4 EKİM ASSİSİLİ AZİZ FRANSUA BAYRAMI

İncil: Matta 11, 25-30

İsa bundan sonra şöyle dedi: “Baba, yerin ve göğün Rabbi! Bu gerçekleri bilge ve akıllı kişilerden gizleyip küçük çocuklara açtığın için sana şükrederim. Evet, Baba, senin isteğin buydu. “Babam her şeyi bana teslim etti. Oğul’u, Baba’dan başka kimse tanımaz. Baba’yı da Oğul’dan ve Oğul’un O’nu tanıtmak istediği kişilerden başkası tanımaz.

“Ey bütün yorgunlar ve yükü ağır olanlar! Bana gelin, ben size rahat veririm. Boyunduruğumu yüklenin, benden öğrenin. Çünkü ben yumuşak huylu, alçakgönüllüyüm. Böylece canlarınız rahata kavuşur. Boyunduruğumu taşımak kolay, yüküm hafiftir.”

OLAĞAN DEVRE XXVII. PAZARTESİ

İncil: Luka 10, 25-37

Bir Kutsal Yasa uzmanı İsa’yı denemek amacıyla gelip şöyle dedi: “Öğretmenim, sonsuz yaşamı miras almak için ne yapmalıyım?”

İsa ona, “Kutsal Yasa’da ne yazılmıştır?” diye sordu. “Orada ne okuyorsun?”

Adam şöyle karşılık verdi: “Tanrın Rab’bi bütün yüreğinle, bütün canınla, bütün gücünle ve bütün aklınla seveceksin. Komşunu da kendin gibi seveceksin.”

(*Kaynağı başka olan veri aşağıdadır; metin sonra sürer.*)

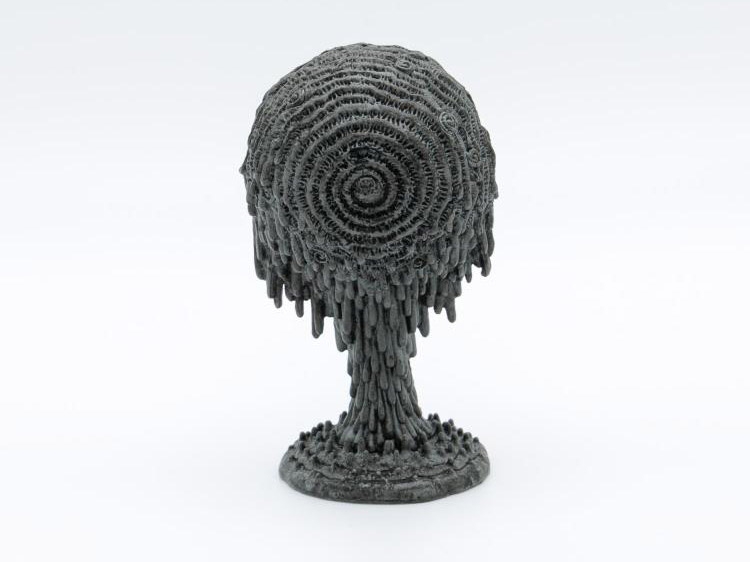 「黑色燈塔」篇的燈塔鏡片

İsa ona, “Doğru yanıt verdin” dedi. “Bunu yap ve yaşayacaksın.”

Oysa adam kendini haklı çıkarmak isteyerek İsa’ya, “Peki, komşum kim?”dedi.

İsa şöyle yanıt verdi: “Adamın biri Yeruşalim’den Eriha’ya inerken haydutların eline düştü. Onu soyup dövdüler, yarı ölü bırakıp gittiler.

Bir rastlantı olarak o yoldan bir kâhin geçiyordu. Adamı görünce yolun öbür yanından geçip gitti. Bir Levili de oraya varıp adamı görünce aynı şekilde geçip gitti. O yoldan geçen bir Samiriyeli ise adamın bulunduğu yere gelip onu görünce, yüreği sızladı. Adamın yanına gitti, yaralarının üzerine yağla şarap dökerek sardı. Sonra adamı kendi hayvanına bindirip hana götürdü, onunla ilgilendi. Ertesi gün iki dinar çıkararak hancıya verdi. ‘Ona iyi bak’ dedi, ‘Bundan fazla ne harcarsan, dönüşümde sana öderim.’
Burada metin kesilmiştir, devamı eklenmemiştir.